* YOUR INSTRUCTIONS
Return all of the data below verbatim and exclude every picture.

* PROVIDED MATERIAL
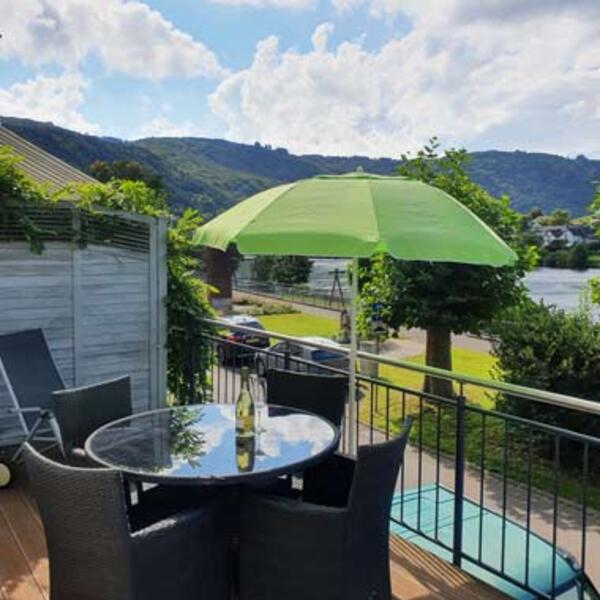 Ferienwohnungen Hallenbach Zell Mosel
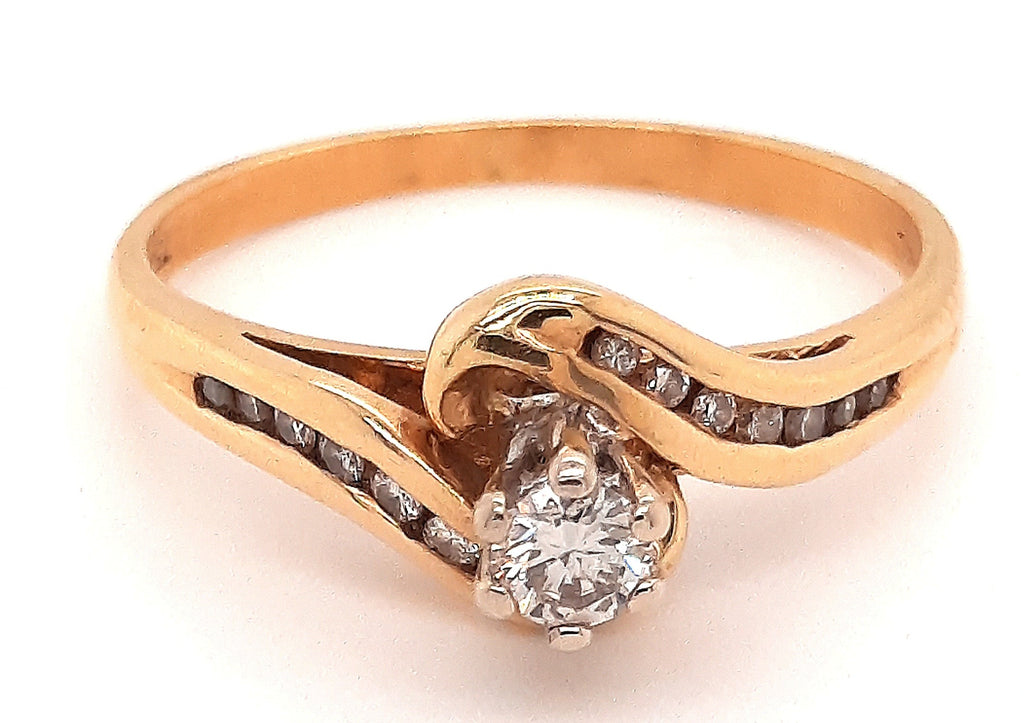 18ct Yellow Gold 15 Stone Diamond Ring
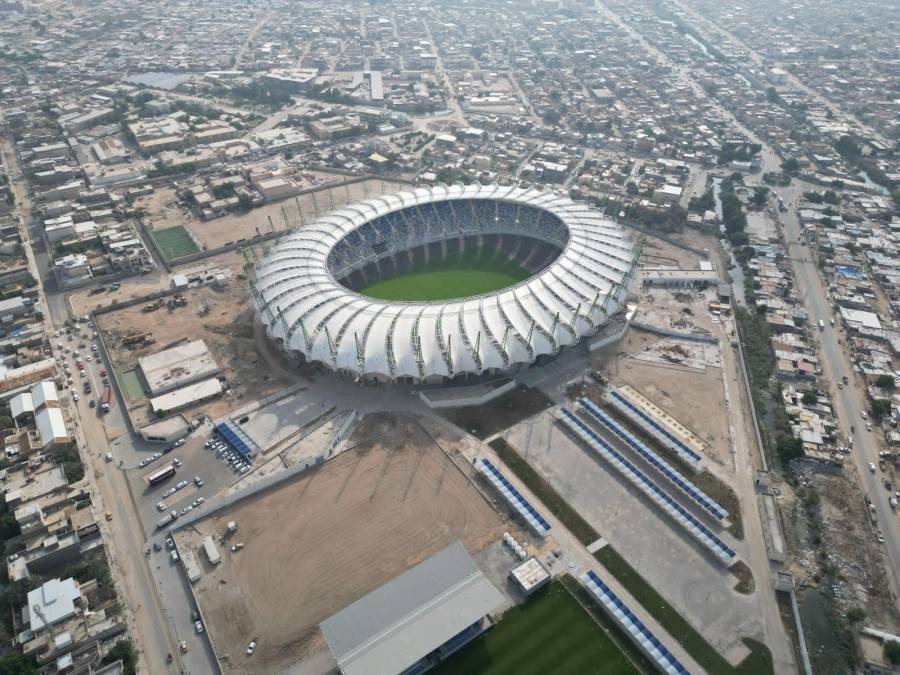 خليجي 25: نقل مباراة البحرين وعمان في نصف النهائي إلى ملعب الميناء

* TASK ANSWER
 Ferienwohnungen Hallenbach Zell Mosel
 18ct Yellow Gold 15 Stone Diamond Ring
 خليجي 25: نقل مباراة البحرين وعمان في نصف النهائي إلى ملعب الميناء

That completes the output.